More complex prologues can be obtained using different values (other than 0) for the second operand of the enter instruction. These prologues push several base/frame pointers to allow for nested functions, as required by languages such as Pascal. However, modern versions of these languages don′t use these instructions because they limit the nesting depth in some cases.[citation needed]

Epilogue

Function epilogue reverses the actions of the function prologue and returns control to the calling function. It typically does the following actions (this procedure may differ from one architecture to another):

  • Drop the stack pointer to the current base pointer, so room reserved in the prologue for local variables is freed.
  • Pops the base pointer off the stack, so it is restored to its value before the prologue.
  • Returns to the calling function, by popping the previous frame's program counter off the stack and jumping to it.

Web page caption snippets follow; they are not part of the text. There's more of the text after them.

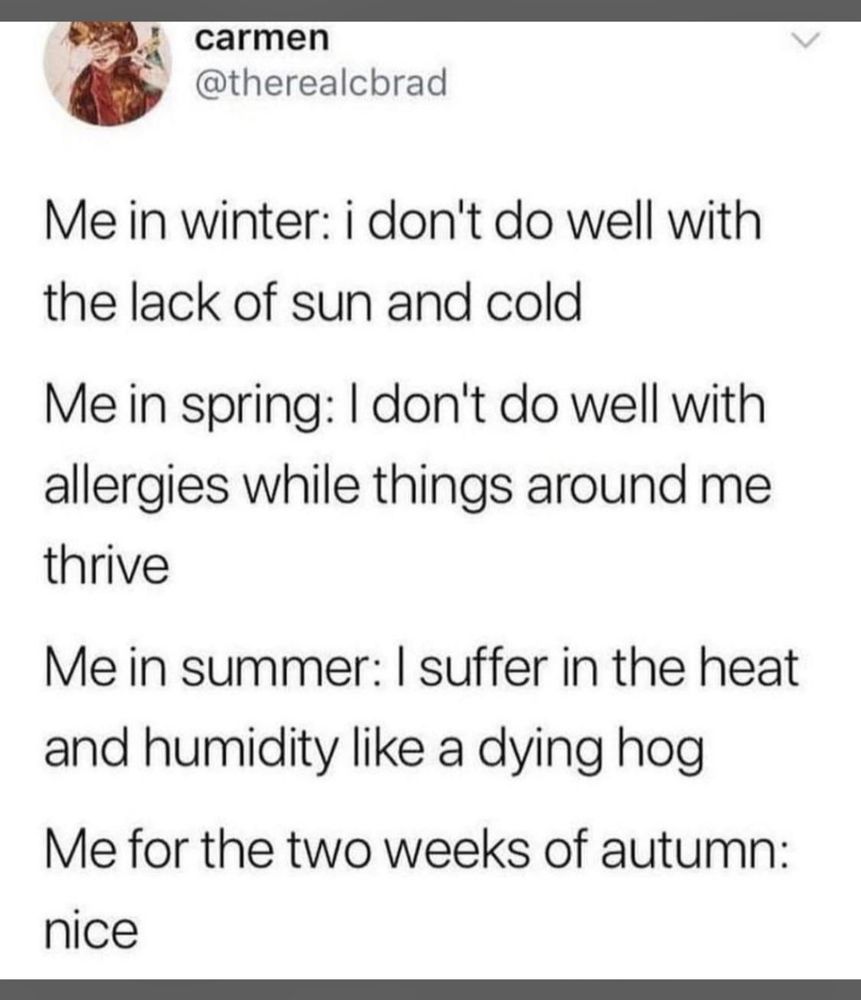 carmen
@therealcbrad


Me in winter: i don't do well with
the lack of sun and cold


Me in spring: I don't do well with
allergies while things around me
thrive


Me in summer: I suffer in the heat
and humidity like a dying hog


Me for the two weeks of autumn: nice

The given epilogue will reverse the effects of either of the above prologues (either the full one, or the one which uses enter). Under certain calling conventions it is the callee's responsibility to clean the arguments off the stack, so the epilogue can also include the step of moving the stack pointer down or up.

For example, these three steps may be accomplished in 32-bit x86 assembly language by the following instructions:

mov	esp, ebp
	pop	ebp
	ret

Like the prologue, the x86 processor contains a built-in instruction which performs part of the epilogue. The following code is equivalent to the above code:

leave
	ret

The leave instruction performs the mov and pop instructions, as outlined above.

A function may contain multiple epilogues. Every function exit point must either jump to a common epilogue at the end, or contain its own epilogue. Therefore, programmers or compilers often use the combination of leave and ret to exit the function at any point. (For example, a C compiler would substitute a return statement with a leave/ret sequence).